Air mata mulai mengalir di pipinya, seolah beban yang selama ini ia tahan runtuh tak tertahan. Di seberang sana, Rayan mendengarkan dengan hati yang ikut teriris. "Mungkin... mungkin mama hanya ingin menemukan seseorang yang menurutnya pantas untuk rai " katanya pelan, meskipun di dalam hatinya rasa sakit pun ikut merayap. Ia tahu, apapun alasannya, ibu rai tak akan pernah menerima kehadirannya.
Rai terdiam sesaat, lalu mengusap air matanya, "Nggak ada yang pantas buat rai kecuali kamu." Suaranya penuh kepastian, meski kesedihan tak kunjung sirna dari hatinya. Sekali lagi isakannya pecah, menyampaikan rasa sakit dan kecewa yang ia tahan sendirian selama ini. "Rai capek rayan... capek selalu diatur. Mama nggak pernah benar-benar ngertiin rai, nggak pernah sekali pun. Rai nggak bisa jujur ke mama kalau rai ketemu kalian, karena takut… takut kalau sampai tahu, mama bisa sakiti kalian."

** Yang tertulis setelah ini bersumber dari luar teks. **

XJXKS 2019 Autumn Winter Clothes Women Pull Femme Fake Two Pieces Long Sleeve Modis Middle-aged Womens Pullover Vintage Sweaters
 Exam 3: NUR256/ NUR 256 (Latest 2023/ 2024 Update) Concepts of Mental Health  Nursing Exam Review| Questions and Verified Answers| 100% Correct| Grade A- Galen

Rayan mendengarkan dalam diam, memberi ruang bagi rai untuk meluapkan segala gundahnya. "Tapi sampai kapan rai harus sembunyi-sembunyi seperti ini? Rai juga ingin hidup seperti keluarga yang lain… bahagia tanpa rasa takut. Gara-gara mama, Rai nggak bisa bebas peluk zeline, nggak bisa ada di samping kalian seperti keluarga pada umumnya. Rayan, Rai harus gimana?"
Di seberang sana, Rayan menarik napas panjang, merasakan beratnya beban yang rai bawa. Dengan suara lembut, ia menjawab "Sayang, kita akan cari jalan keluar bersama. Aku di sini untuk kamu, selalu. Apapun yang terjadi, kita akan hadapi bersama, rai nggak sendirian.”
Rai menangis, suaranya bergetar saat ia berkata, "Rai mau pulang... Rai mau sama kalian, Rai balik ke sana ya sayang? Rai ingin sama kalian."
Di seberang telepon, Rayan mendengarkan dengan penuh kesabaran, merasakan betapa berat beban yang dirasakan oleh rai. Dengan suara tenang namun penuh cinta, Rayan berkata, "Sayang, kalau rai ingin ke sini, lebih baik besok saja ya? Sekarang istirahat dulu. Rai pasti belum sempat istirahat kan? Jangan dipaksakan. Besok rai bisa datang, yakin sama aku, Apa pun yang terjadi, Rai nggak usah takut. Aku tetap mencintai rai, kapanpun Rai ingin pulang, pelukan ku selalu terbuka untuk rai"
Kata-katanya lembut, menenangkan, seperti aliran air yang membasuh resah dalam hati Rai. "Ingat, Rai nggak sendirian. Di samping Rai, ada aku, ada Zeline, dan kita semua yang sayang sama rai. Istriku yang paling cantik, yang paling penyayang, meski sejauh apapun kita di pisahkan, kita ada tuhan menyatukan kita. Selama cinta kita tulus, kita pasti bisa bersatu."
Rai mendengarkan dalam diam, air mata masih mengalir di pipinya, namun kini dengan perasaan yang sedikit lebih tenang. Rayan melanjutkan, "Jadi, untuk sekarang, Rai istirahat dulu ya? Besok kalau memang nggak ada kerjaan, Rai bisa datang ke sini. Aku nggak mau rai sampai jatuh sakit. Rai atau zeline nggak boleh sakit, cukup aku saja yang sakit. Rai harus jaga diri, ya sayang ya ?”
Rai mengangguk pelan, meskipun rayan tak bisa melihatnya. Suara rayan memberinya kekuatan, membantunya menghadapi segala tekanan yang ada. Rai tahu bahwa di balik semua masalah, ada cinta dan dukungan dari suami dan anaknya yang selalu menunggu, dan itu cukup untuk membuatnya merasa aman.